As redes sociais parecem ter sido descobertas de uma vez por todas pelas campanhas de Tarso Genro, PT, e José Sartori, PMDB.
. As críticas dos dois lados e o aproveitamento feito em cada mídia tem sido muito inteligente e até bem humorado, o que revela um passo adiante importante no uso da Internet como arma política e eleitoral, o que já demorava a acontecer.
. Ao lado, acima, montagem de uma frase infeliz e brincalhona de Sartori, cunhada em cima de Tarso, que poderia dizer a mesma coisa, já que transformou suas palavras sobre o piso em palavras de Pinóquio, que é como o Cpers pintou o governador no Dia do Professor, ano passado (foto abaixo).
Sobre o caso Cpers, para entender melhor o jogo interno do aparelhado sindicato:
1) A ex-direção do Cpers liderada pela Rejane era
oposição ao Tarso, porque constituída por integrantes da DS (a própria Rejane)
e do Psol (Neiva Lazzarotto, aliás candidata a dep estadual neste ano).
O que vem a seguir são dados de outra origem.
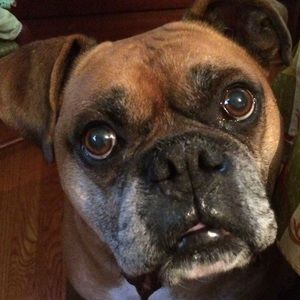 Meet your Posher, Kylie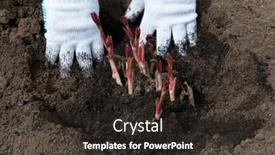  Presentation with rhizomes - Presentation theme having transplanting-peony-rhizomes-in-prepared background and a tawny brown colored foreground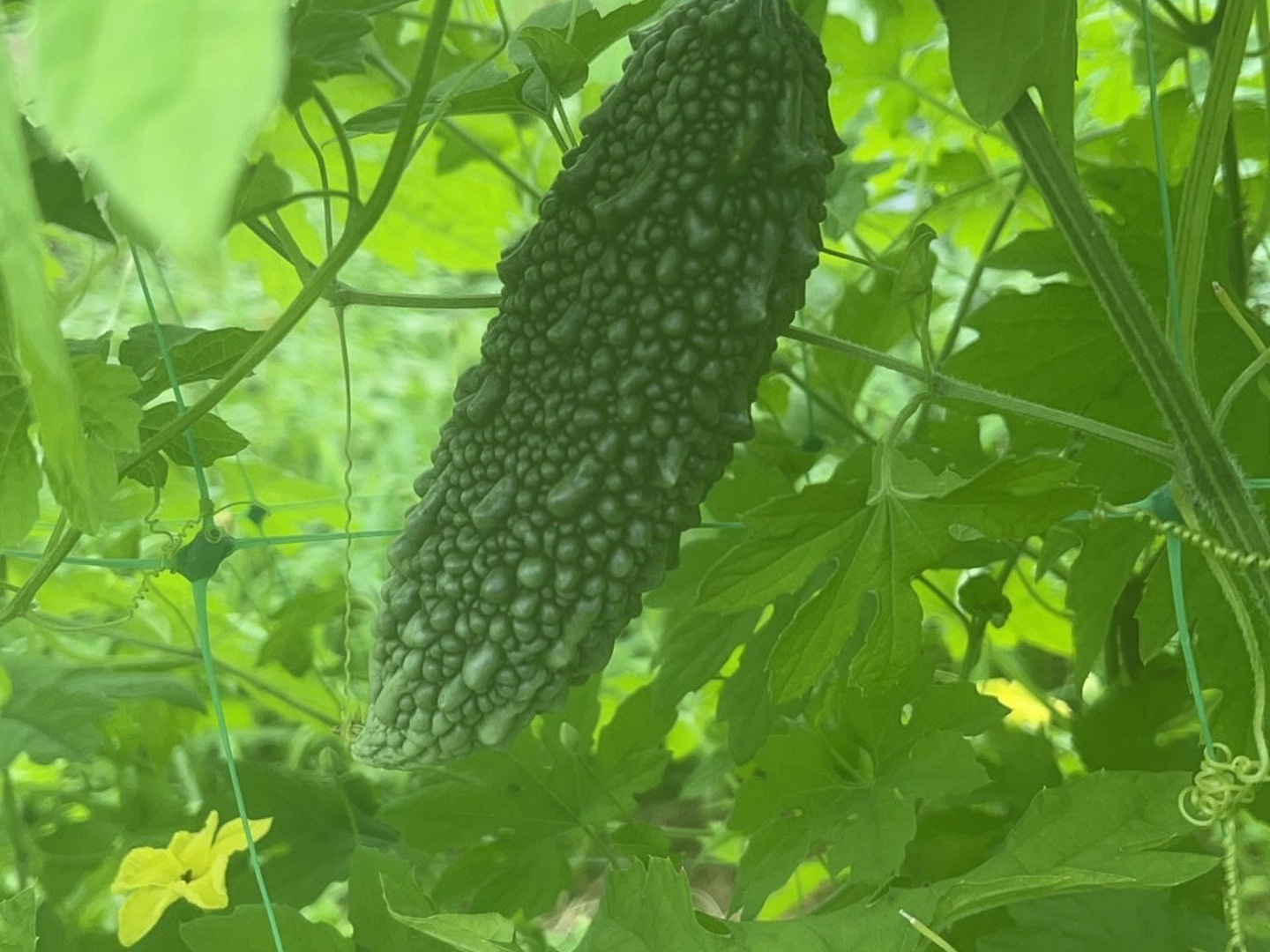 春先取りの a2760b7442ba9d291c20da3f2b0883 野菜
A atual
direção do Cpers, liderada pela Helenir Oliveira, é de uma tendência que apóia
o Tarso no partido, o PT Amplo. Essa direção é da mesma tendência da Juçara
Dutra Vieira, ex-presidente do Cpers e da CNTE, e integrante do governo Tarso
em todo o período, antes na Casa Civil e, desde março de 2014, secretária de
Justiça e Direitos Humanos.
2) Se a frase/brincadeira do Sartori não foi correta,
muito pior é o Tarso que efetivamente assinou, prometeu e não cumpriu a lei do
piso e que, agora nas eleições, com a conivência do Cpers, faz nova
promessa mentirosa: que vai pagar o piso com os royalties do pré-sal, mesmo que
ninguém saiba quando e quanto o RS receberá esses recursos.
. Mais uma vez Tarso
e Cpers pretendem enrolar os professores e a opinião pública com uma afirmação
que as pessoas têm dificuldade em avaliar se é verdade ou mais uma mentira.